Segment Start: Dataset entries
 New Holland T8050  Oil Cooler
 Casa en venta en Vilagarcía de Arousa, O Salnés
Segment End: Dataset entries
Segment Start: Dataset entries
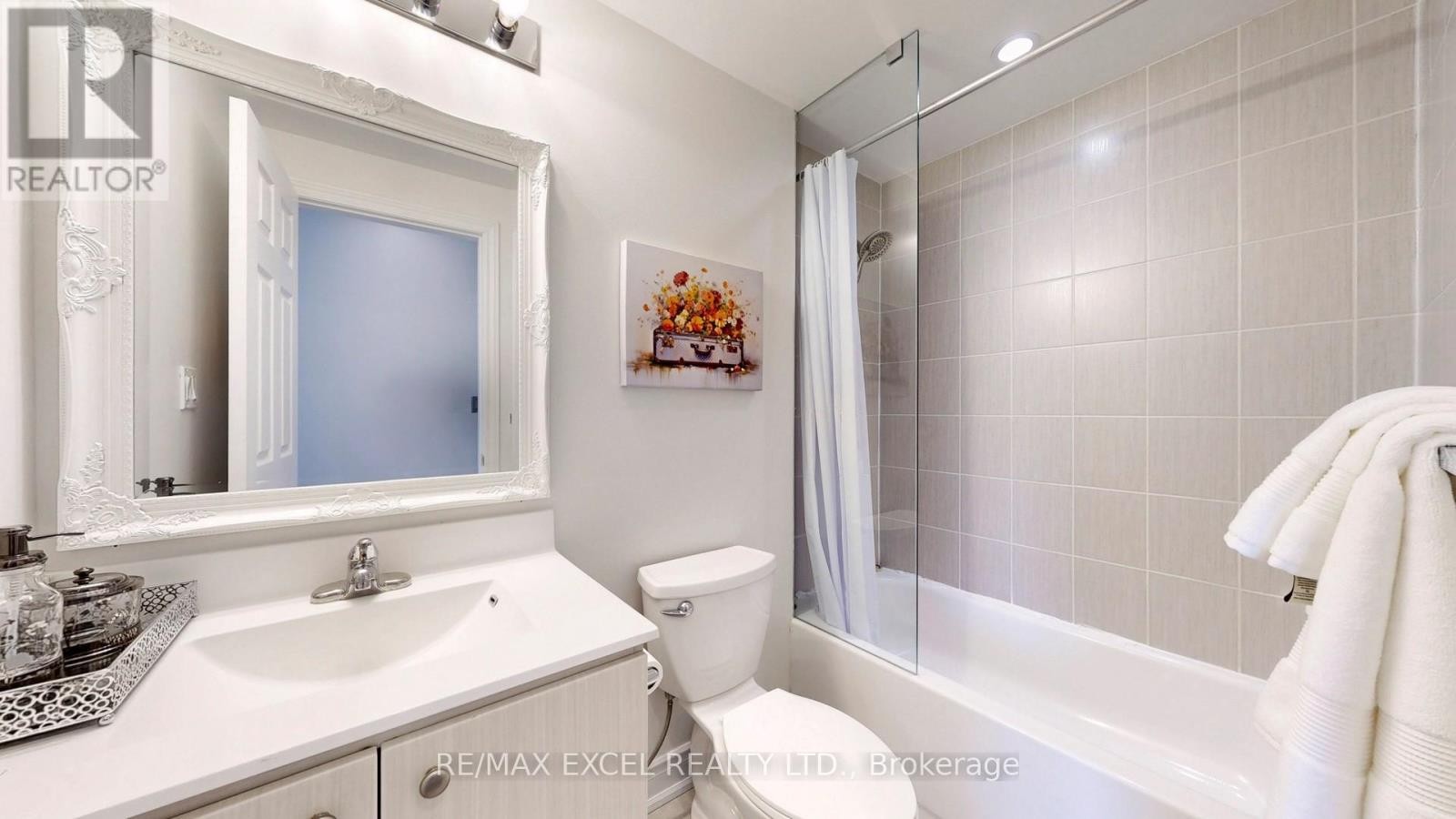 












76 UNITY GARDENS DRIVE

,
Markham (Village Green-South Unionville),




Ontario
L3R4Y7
Segment End: Dataset entries
When you reach the line holding "New Holland T8050" in the records above, begin reproducing exactly, stop after the line holding "Casa en venta", and output nothing else.

* Solution for this task:
 New Holland T8050  Oil Cooler
 Casa en venta en Vilagarcía de Arousa, O Salnés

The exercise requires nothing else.